This one-off script is used to scan through a directory's .pdf files and search for bad OCR in these files.
All files and a few metrics are then listed in a log file.
Python 3.8 and over is required to run this script. It has not been tested with older distributions.
Once Python is installed, simply download the master.zip
archive and extract its contents
in a working directory.
Open a Terminal of PowerShell window in the pdf_ocr_inspector/
directory and run the
following command to install the script's dependencies:
$ pip install -r requirements.txt
To make sure everything is installed properly, run the following command.

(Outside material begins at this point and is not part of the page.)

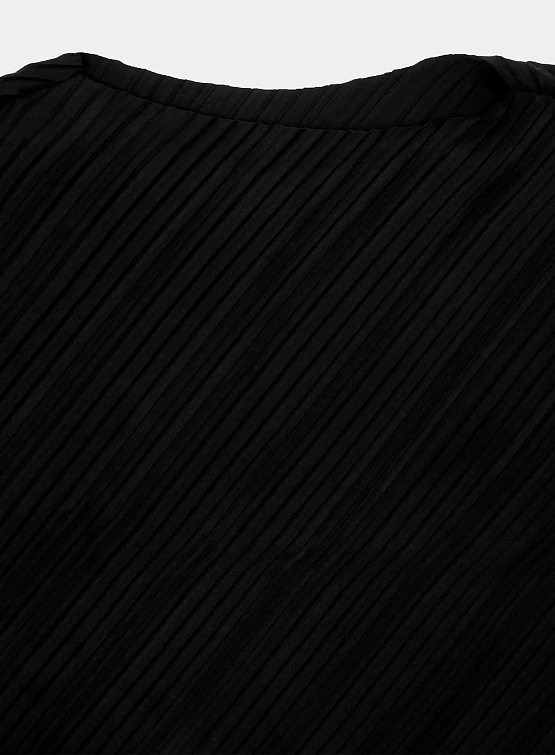 Женский топ OPEN YY Pleats Top Black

You should see this output:
$ python inspector.py -V
> PDF OCR Inspector version 0.3
To run this script, you must write the following command from the Terminal or PowerShell
window inside the pdf_ocr_inspector/
directory:
$ python inspector.py path_to_directory [-v]
path_to_directory
must be a valid path enclosed in quotes;-v
is an optional parameter to increase verbosity in the Terminal output.
The script will go through each .pdf file, extracting text and will look for a particular pattern in the text. That pattern is considered as characters being "badly encoded". Metrics will be built with the files' OCR text:
- the total of characters;
- the total of bad characters;
- the percentage of bad characters.
At the end of the script, an Excel file is created containing all these metrics. A log file is also created to list all files for which scanning has failed.
- Add concurrency to speed up the scanning process;
- Create a logger to list all errors encountered in files.